Die Initiativen des Wellcome Trust, des FWF und der deutschen Akteure lösen das Versprechen der Transparenz ein und geben einen Einblick in die Kosten des gebührenfinanzierten Open Access. Während die DFG-unterstützten Fonds der deutschen Hochschulen aufgrund Fördervorgaben nur Artikel finanzieren können, deren APC nicht über 2.000 € liegt, finden sich in den Daten der anderen Quellen teils beachtlich hohe Beträge.

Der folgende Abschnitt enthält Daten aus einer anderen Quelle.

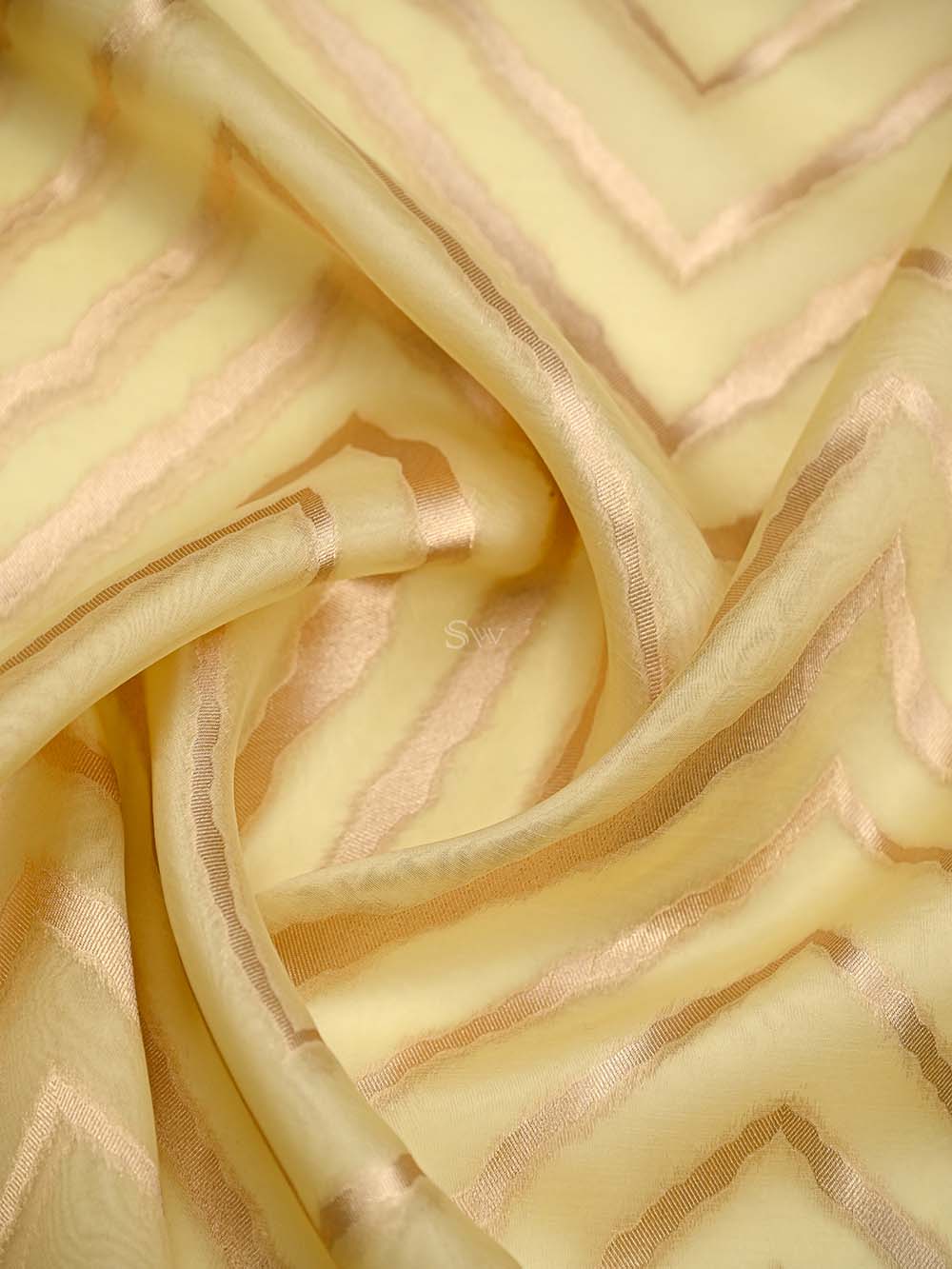 Yellow Stripe Organza Handloom Banarasi Saree - Sacred Weaves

Wem die knapp 2.600 €, die die nicht DFG-unterstützte MPDL 2013 für eine Publikation im Open-Access-Journal PLOS Biology entrichtete, hoch erscheinen, dem sei ein Blick in die Daten von Wellcome Trust und FWF empfohlen. So zahlte der FWF im Jahr 2012 für die Open-Access-Publikation des Artikels "Convergent Evolution of Sodium Ion Selectivity in Metazoan Neuronal Signaling" im Journal Cell Reports des bereits im Subskriptionsmodell für seine Preispolitik verschrieenen Verlags Elsevier 4.573,87 €. Der Wellcome Trust wiederum entrichtete für den Artikel "Genetic risk factors for ischaemic stroke and its subtypes (the METASTROKE Collaboration): a meta-analysis of genome-wide association studies", der 2012 im gleichfalls von Elsevier aufgelegten Journal The Lancet Neurology erschien, satte 5.760 £.
Im besten Fall gelingt es den Offensiven von Wellcome Trust, FWF und der datengebenden Einrichtungen aus Deutschland, das zu erreichen, was im Subskriptionsmodell weitgehend verboten ist: Wissenschaftlern den mitunter hohen Preis des Publizierens zu vergegenwärtigen.